:: WORK INSTRUCTIONS ::
Output the data verbatim, minus the images.

:: DATA BLOCK ::

*** Block opens ***

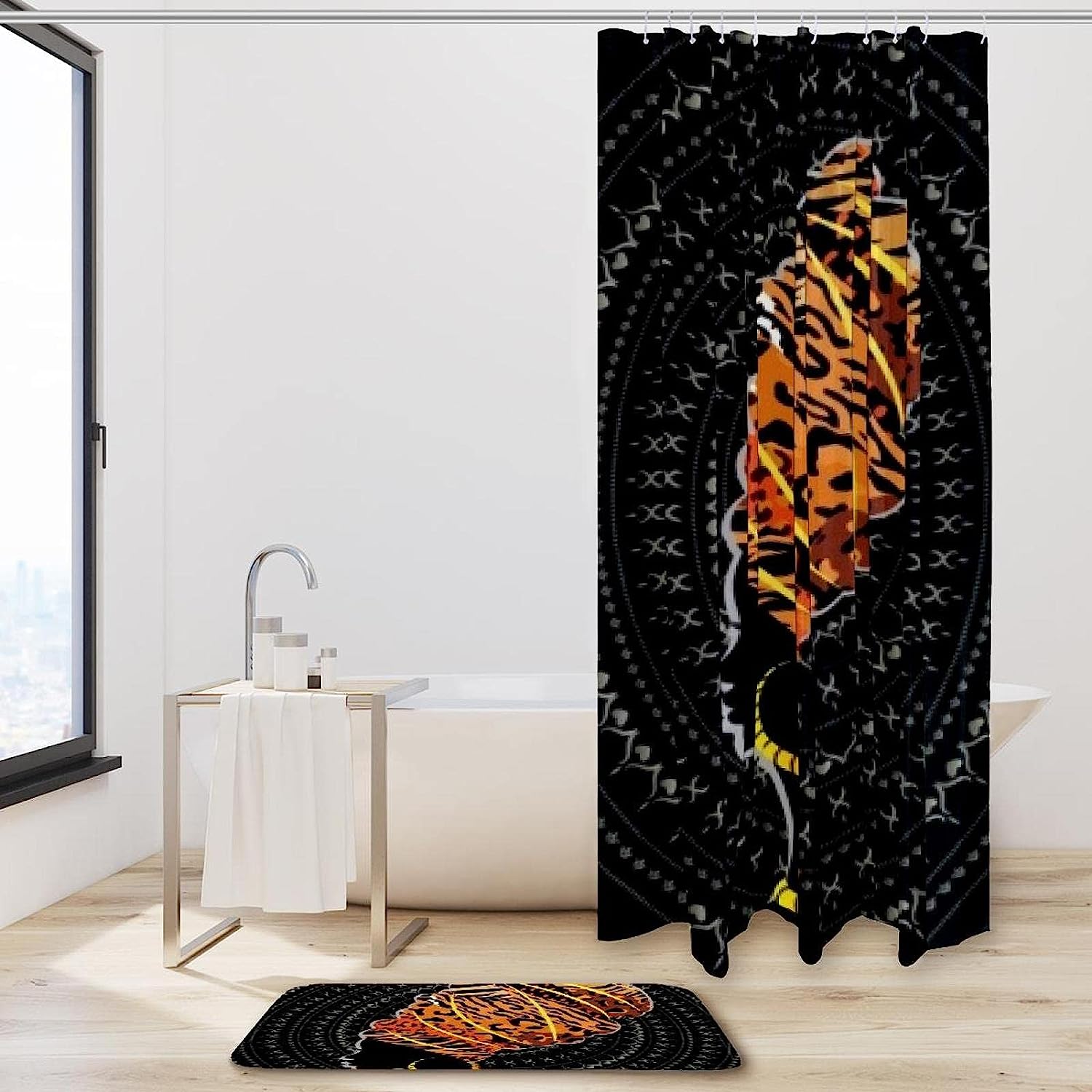 Leopard Print With Silhouette Woman Bathroom Tub Set With Waterproof Fabric Shower Curtain - Image 2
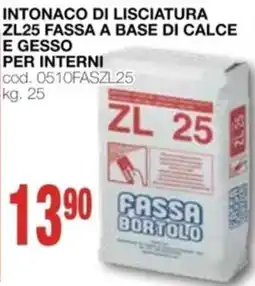 Mondo Brico Intonaco di lisciatura zl25 FASSA a base di calce e gesso per interni offerta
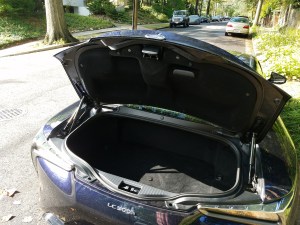 The LC500's Trunk is not especially big in the first place, and the hybrids battery takes up additional room.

*** Block closes ***

:: ANSWER FOR THE TASK ::
 Leopard Print With Silhouette Woman Bathroom Tub Set With Waterproof Fabric Shower Curtain - Image 2
 Mondo Brico Intonaco di lisciatura zl25 FASSA a base di calce e gesso per interni offerta
 The LC500's Trunk is not especially big in the first place, and the hybrids battery takes up additional room.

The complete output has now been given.